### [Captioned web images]
▬▬▬
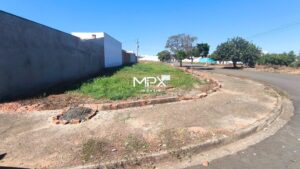 Terreno à venda no bairro São Luiz em Piracicaba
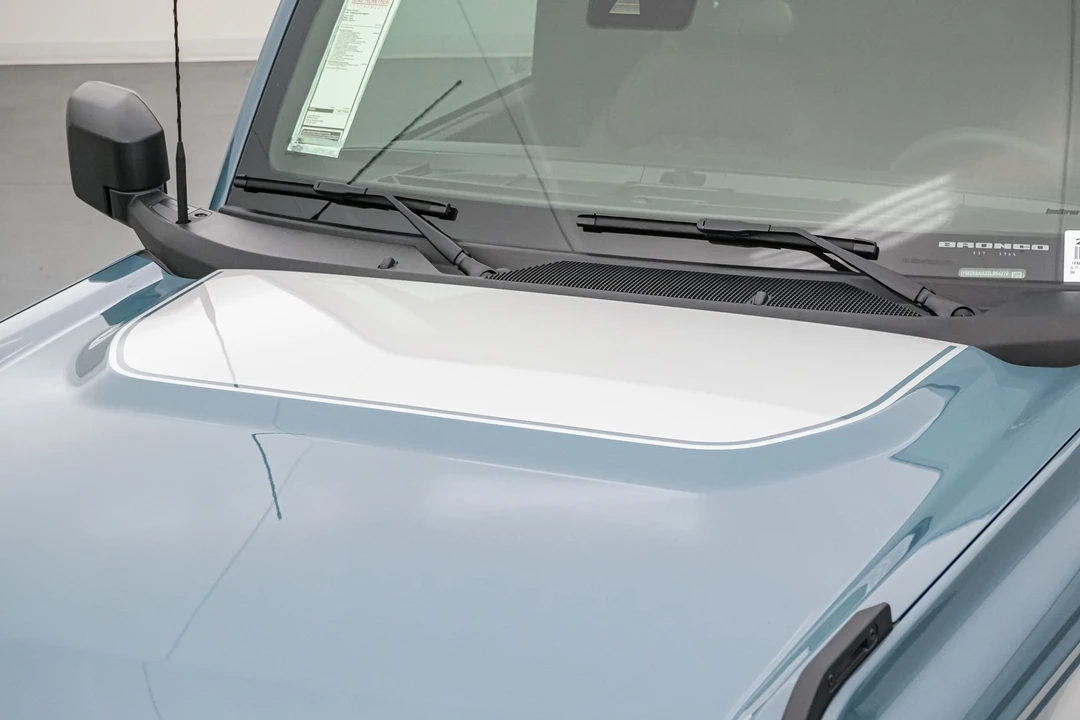 2025 Ford Bronco 6th Gen - Image 12 of 31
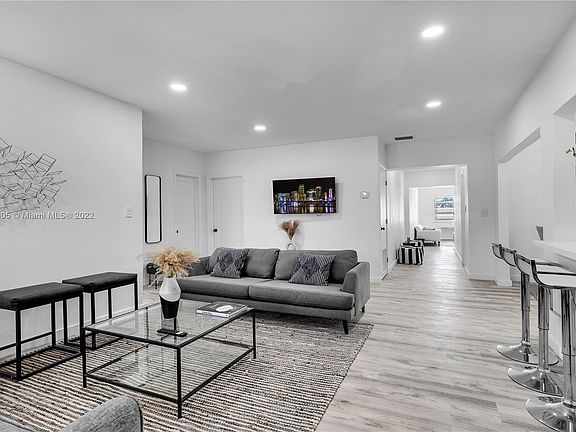 4th image of 1510 Normandy Dr #1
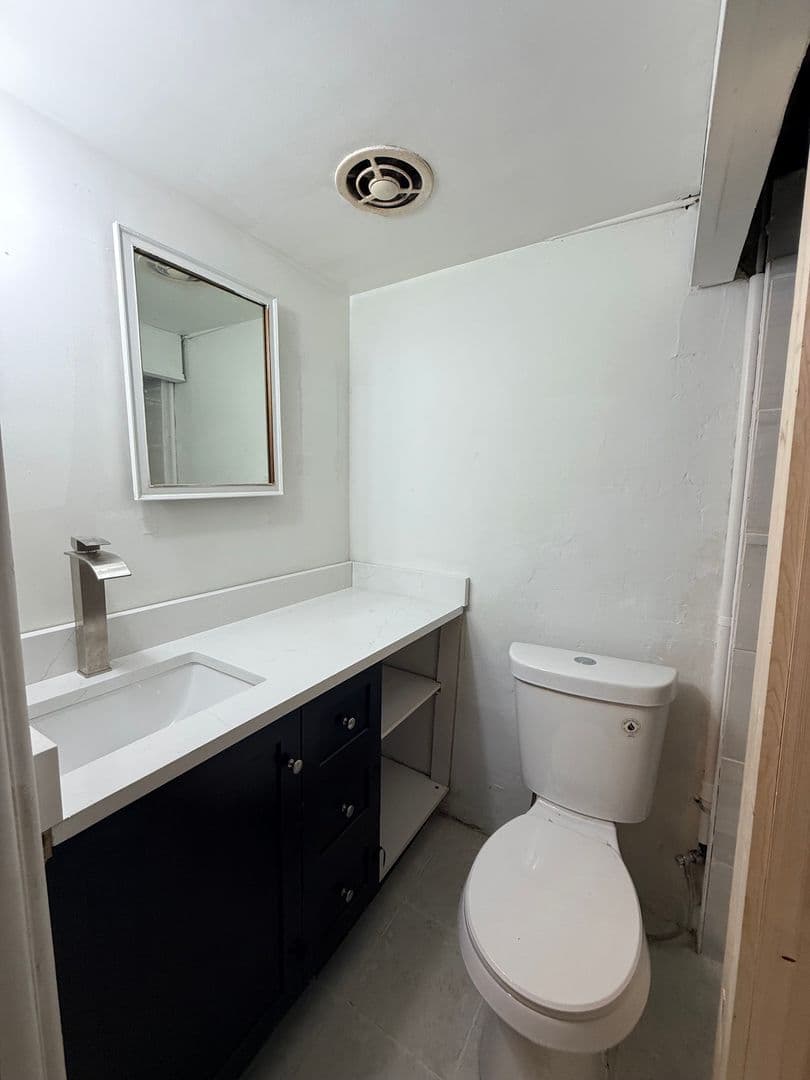 Eastpointe House: 14615 Stephens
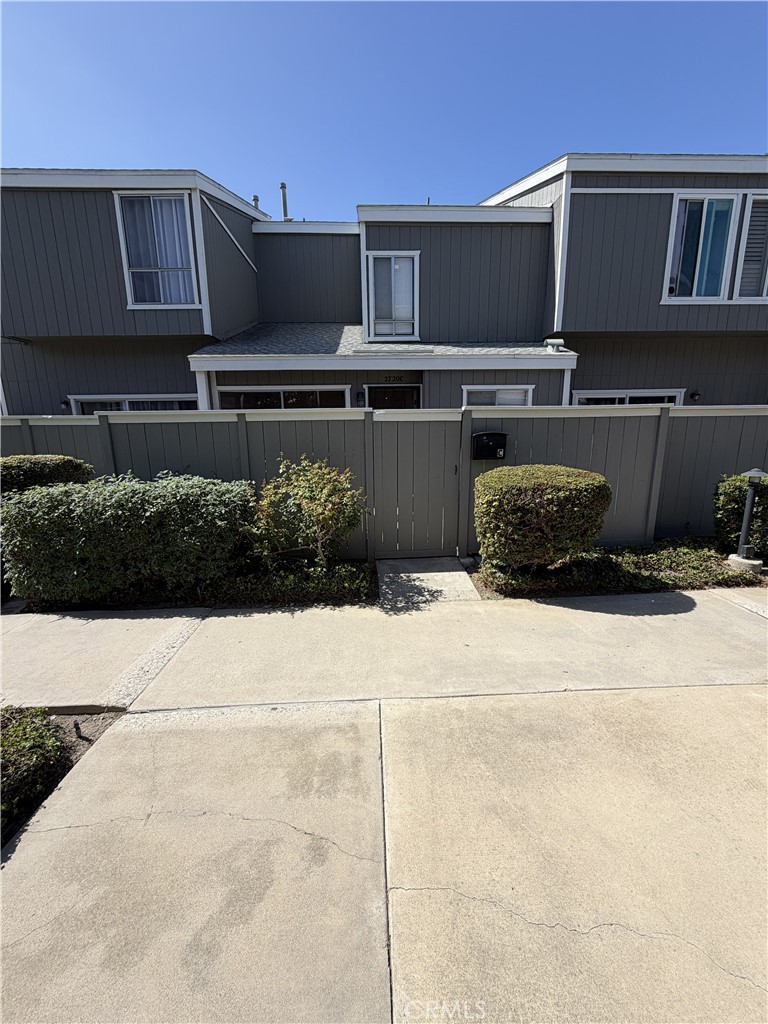 2720 W Segerstrom C — photo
▬▬▬
### [WORK REQUEST]
From the first line to the last, write out the data above exactly. Omit the pictures.

### [SOLUTION TO THE PROBLEM]
 Terreno à venda no bairro São Luiz em Piracicaba
 2025 Ford Bronco 6th Gen - Image 12 of 31
 4th image of 1510 Normandy Dr #1
 Eastpointe House: 14615 Stephens
 2720 W Segerstrom C — photo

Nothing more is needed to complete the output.